The Chamber
Any death row drama these days must be compared
with the superb Dead Man Walking starring Sean Penn
and Susan Sarandon.
I suppose that Gene Hackman and Sean Penn are in
something like the same league as actors, but in The
Chamber Chris O'Donnell takes the Susan Sarandon part,
- and Chris O'Donnell will never be in the Susan
Sarandon league.
He's not terrible as Adam Hall the young lawyer who
is trying to get his grandfather Sam Cayhall (Gene
Hackman) off death row, but O'Donnell doesn't impress
either, and neither does The Chamber.
There of course are some high points in the film,
after all Gene Hackman and Faye Dunaway are in it, but
the overall package is only mediocre.
Faye Dunaway plays Lee, Cayhall's daughter, and it's
no surprise that the strongest scene in The Chamber
occurs when these two are together (and O'Donnell is
fussing around somewhere else.)
Lee has been haunted for decades by something she
saw her father do when she was a girl.

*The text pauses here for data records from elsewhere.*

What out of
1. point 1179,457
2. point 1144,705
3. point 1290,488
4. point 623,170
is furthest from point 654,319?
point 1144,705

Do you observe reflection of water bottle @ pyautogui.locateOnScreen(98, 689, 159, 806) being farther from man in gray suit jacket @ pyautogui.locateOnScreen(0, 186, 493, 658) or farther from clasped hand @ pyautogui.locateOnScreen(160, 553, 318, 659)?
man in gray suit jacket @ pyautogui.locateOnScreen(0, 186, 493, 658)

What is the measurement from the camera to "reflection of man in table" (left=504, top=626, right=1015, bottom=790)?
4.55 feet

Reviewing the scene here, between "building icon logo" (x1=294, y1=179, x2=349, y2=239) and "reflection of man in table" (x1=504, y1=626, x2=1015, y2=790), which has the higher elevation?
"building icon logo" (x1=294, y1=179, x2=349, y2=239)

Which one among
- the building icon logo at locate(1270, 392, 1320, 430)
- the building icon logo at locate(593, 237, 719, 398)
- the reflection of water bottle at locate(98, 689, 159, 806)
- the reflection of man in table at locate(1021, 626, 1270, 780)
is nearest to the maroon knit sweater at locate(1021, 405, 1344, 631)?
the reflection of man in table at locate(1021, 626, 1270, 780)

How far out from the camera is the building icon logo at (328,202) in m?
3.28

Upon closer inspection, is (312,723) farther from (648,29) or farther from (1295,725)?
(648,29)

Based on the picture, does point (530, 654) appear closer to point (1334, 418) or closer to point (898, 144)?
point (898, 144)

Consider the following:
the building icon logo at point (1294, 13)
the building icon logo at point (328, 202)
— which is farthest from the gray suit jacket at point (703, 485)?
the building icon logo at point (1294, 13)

She has married
into wealth but hits the bottle pretty often. When
her father's death is imminent and her nephew is shaking
the tree down at the law courts the tension mounts and
Dunaway gets to strut her stuff as the drunken, haunted
socialite.
Faye Dunaway hasn't given the performances to show
her range for years. Bonnie And Clyde was released 30
years ago in 1967! Then Chinatown and Three Days Of The
Condor were filmed in the mid seventies. Since then
only The Handmaid's Tale (1990) are notable to my
knowledge, with questionably luminous movies such as
Supergirl, Beverly Hills Madam, Barfly and Cassanova
intervening.
Gene Hackman won't win another Oscar for his
performance in The Chamber because the overall tone of
the film is too low, but his wander down death row just
before they might execute him (no, I won't give the
ending away!) is memorable I suppose.
I wonder if we might see a Best Supporting Actress
nomination for Faye Dunaway though?
2 O'Donnelled Flys.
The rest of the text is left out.